The annual SCBWI BI Isles conference rolled into Manchester for the 2nd successive year bringing with it an extra fizz and pizzazz to a city already buzzing with culture.

Just highlighting the illustration side of what the busy programme has to offer makes you realise the sheer amount of planning and organising logistics that goes on ‘behind the scenes’ to deliver this ever popular weekend of children’s books celebration. How fitting that the actual events kicked off early at the City Art Galleries. Around 20 or so eager illustrators, and writers, arrived in time to enjoy a stimulating Sketch Crawl around the exhibitions led by Illustrator Coordinator Tita Berredo. Fun, short prompts took us around paintings and sculpture, landings and showcases where we settled into the forthcoming events by exercising our drawing and observation skills. It’s a great place to meet others and I feel it is especially fun and helpful for those new to Conference, to help ease their way into the weekend’s packed programme.

Not that the illustration interests started there. Some two months earlier the call went out for illustration entries — sketches leading to finished artwork — to feature in the Conference Exhibition. And over 50 SCBWI illustrators from across the world responded with a magnificent 200 plus submissions. These were pared down to a final 130 exhibition pieces with everyone who entered having at least one piece on display.  The successful images were formatted onto A3 prints and hung, pre-conference early on Friday morning, by Paul and Mike Brownlow. The Nine large panels running through the North Atrium at the business school at MMU, coupled with the portfolio display and a dynamic  ‘illustrators flyer’ area, made a stunning eye catching showcase. It became a focal point for the whole weekend.

Busy illustration exhibition

The keynote illustrator was award-winning picture book creator 
Ed Vere. He didn’t disappoint — a captivating presenter, enormously generous with his time, information, prepared slides, demonstrations of drawing and shared industry anecdotes. His latest book The Artist tells what it is like ‘to be an artist’ and took Ed over four years to complete. He shared the process of how he dealt with this book, experiencing a creative block and the hard work he put in to overcome this and bring the idea to publication. Following his keynote presentation there were two further ‘hands on’ practical sessions. This meant we got time to share in Ed’s creative process, his journey to the present day and try out our skills at portrait sketching among other things.

Ed Vere's keynote

There’s never enough time to attend all that Conference has on offer which is what makes the weekend so busy, fun and enjoyable. Buddying-up with a partner and sharing feedback is a great way to cover more of the sessions.

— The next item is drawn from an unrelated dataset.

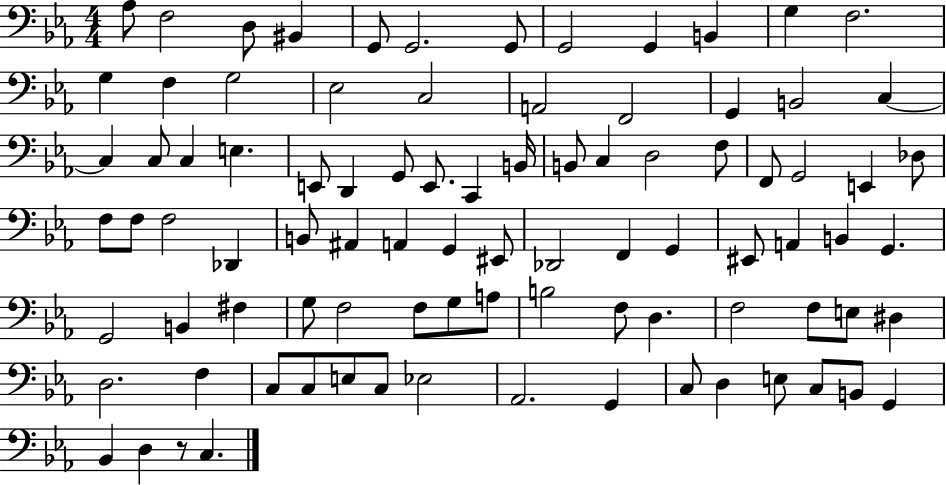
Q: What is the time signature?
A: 4/4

Other sessions of interest to illustrators included…

  • A lively discussion panel, led by designer Ness Wood with editors Emma Layfield and Tiffany Leeson. ‘What it takes to make a stand out portfolio’ culminating with live feedback on 6 illustrators’ portfolios.
  • A focus on Graphic Novels, with illustrator and writer Neill Cameron, Mega Robot Bros, and editor at David Fickling Books, Anthony Hinton, Bunny vs Monkey.
  • The Hook pitch-off competition.
  • Mass book Launch with, as always, an impressive number of books published in the last 12 months.
  • Agent keynote with Hilary Delamere looking back at her career.
  • Creating Picture Books with Rocketbird Books publisher Libby Hamilton.
  • Marketing your books for success
  • Picture Book focus, playing with ideas from successful author Clare Helen Welsh

A lively discussion panel, led by designer Ness Wood,
with editors Emma Layfield and Tiffany Leeson

Post Conference, as always, there is now lots of great feedback, reflections and reports, such as this one, for attendees to look back over. There are hundreds of photographs and videos to enjoy and tons of inspiration from the event to help take your children’s book career onwards and upwards.

Ed Vere with Paul Morton
Tita Berredo, Paul, Mike Brownlow and Ell Rose
 illustrations from Ed Vere's illustration workshop


Let's now take a look at what the illustrators from the live feedback session with designer Ness Wood and editors Emma Layfield and Tiffany Leeson have to say about their process and illustration work. You can watch the video to listen to the feedback given.

Sunnu Rebecca Choi

I am Sunnu Rebecca Choi, a Korean/Canadian illustrator and printmaker based in London. 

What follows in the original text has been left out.